# Where is the best place to sell a Ham radio collection ?



## spacestuff4me

Hello,

I have a friend who's dad was a longtime Ham radio operator and I'm helping her sell her fathers Ham radios, lots of meters & instruments, a rooftop antenna with a motor tower and lots of misc items. 

Thanks for your help,

Ray


----------



## spleify

You can try Craigslist


----------



## northernontario

Try contacting a local amateur radio group, posting on the local craigslist/Kijiji (free classifieds), and possibly one of the amateur radio forums.

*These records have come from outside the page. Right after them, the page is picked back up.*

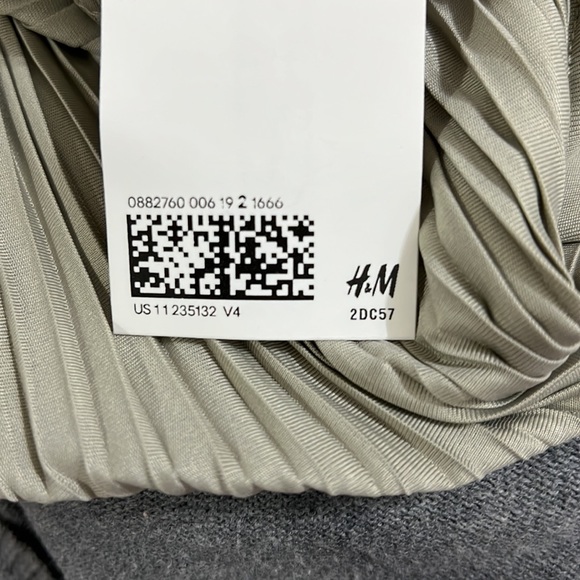 H&M Dress Brand New Dress W/Tags - Picture 4 of 6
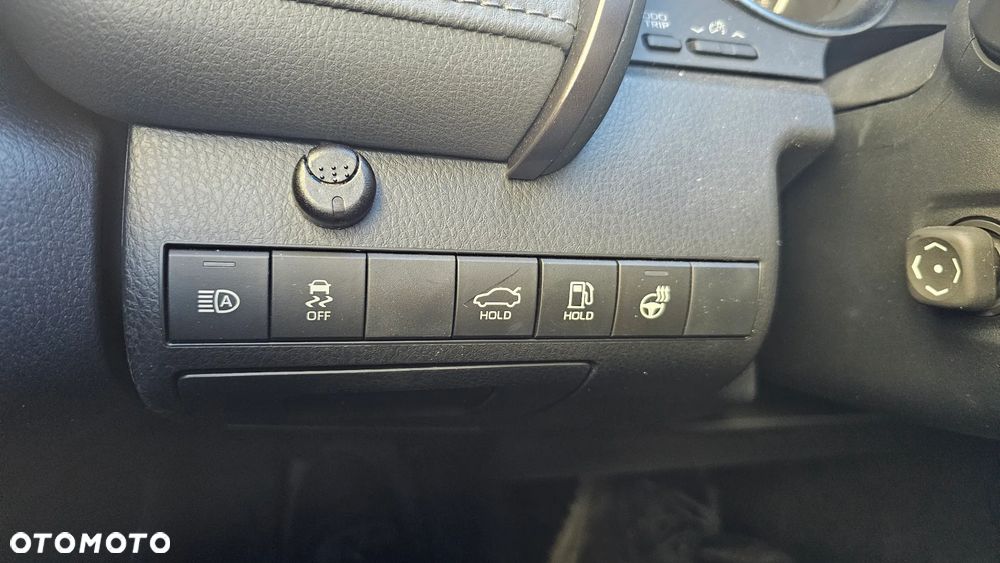 Toyota Camry 2.5 Hybrid Dynamic Force Executive e-CVT - 12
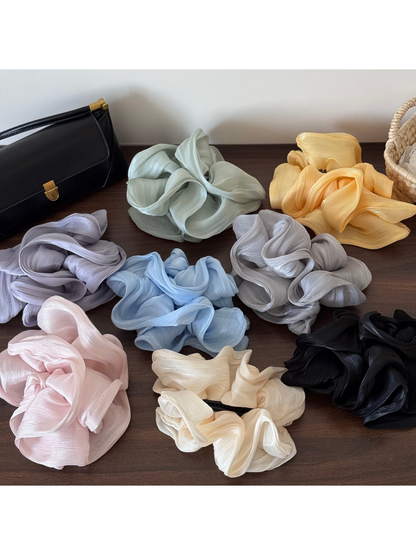 Beau - Glossy Sheer Irregular Ruffle Banana Clip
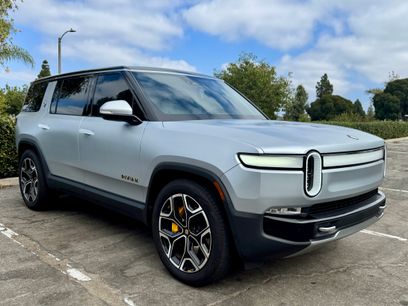 Used 2023 Rivian R1S Launch Edition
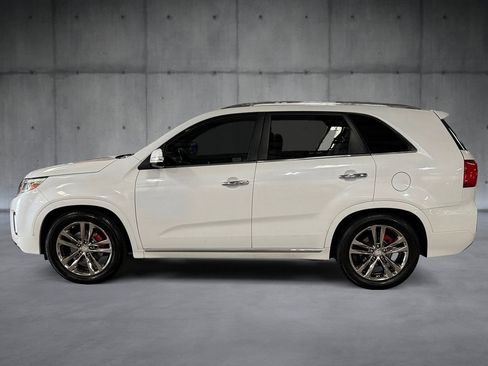Used 2014 Kia Sorento SX image 2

Or pick it up yourself! (I know, probably not in the budget)


----------



## ZoomZoom

try http://www.forumsforums.com

They have a dedicated Ham Radio section.
Ham Radio Forum - Forums Forums - Off Topic Forum FUN

Drop my name (bczoom) so they don't think you're a spammer or something by trying to sell stuff in your first post. If/when I see the post, I'll vouch for you.


----------



## spacestuff4me

*Thanks*

Thank you for your input.

BCZOOM, I clicked the link you posted but it was not valid. I tried Craigslist, but most of the people buying there wouldn't pay $10 for a $100 bill.

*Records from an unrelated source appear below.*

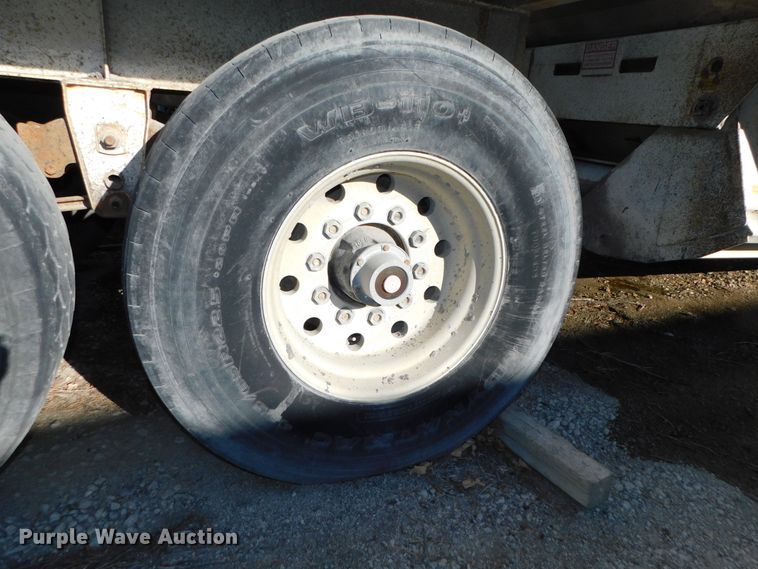 image for item DJ5877 1996 Dakota bottom dump trailer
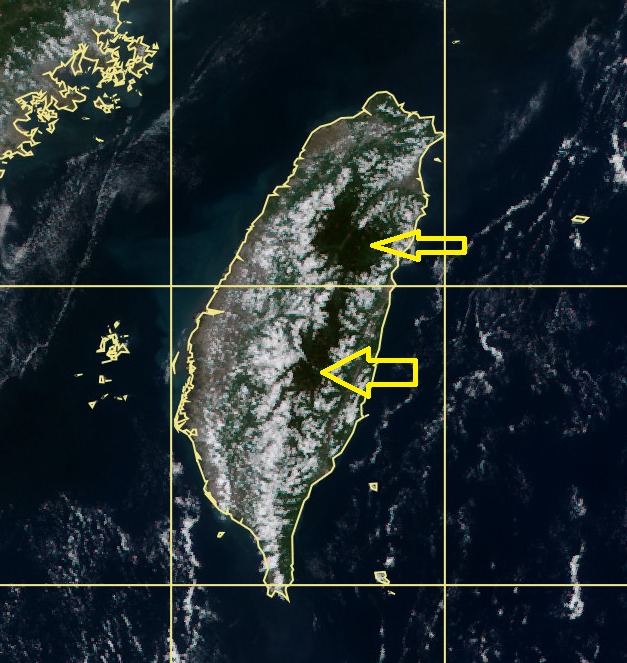 前中央氣象局長鄭明典並於臉書貼出雲圖表示，北部雪山山脈以北雲量較南邊少，表示北邊大氣比較穩定，所以大台北地區今天還是會很熱。   圖：翻攝自鄭明典臉書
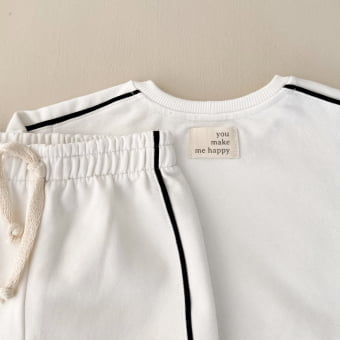 Conjunto Infantil Moletom Peluciado Comfy – Off White com Preto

I have some really nice gear in pristine condition that I'm listing for what lesser items are selling for on Ebay, but I don't have the time to deal with all of this stuff and I don't have the time to get into the hobby. I think I'll post it on Ebay and go from there.

Thanks again.

Ray


----------



## ZoomZoom

Ray,

You may need to join the forum before the link becomes available. It's a forum section that may not be open to the public. I still think the people there may be interested.


----------



## Laura

*Hamfests*

2011 Hamfest Calendar - NJ, EPA, DE, MD This site will give time and location of Hamfests. These hamfests are where Amateur Radio Operators ( and interested parties) sell and buy radio related materials and products. You should contact the clubs that are sponsoring the events to find out the expenses of tables ( very minimally priced ), directions, last years attendance, and rain dates. 
I am a ham operator and have seen many people in the same situation as you sell radio items at the fests. Ebay is ok too. 
Most important is the condition. Like everything else..... if they are with their original boxes the value increases. Travel and mail radio equipment with great care. 
Good luck.


----------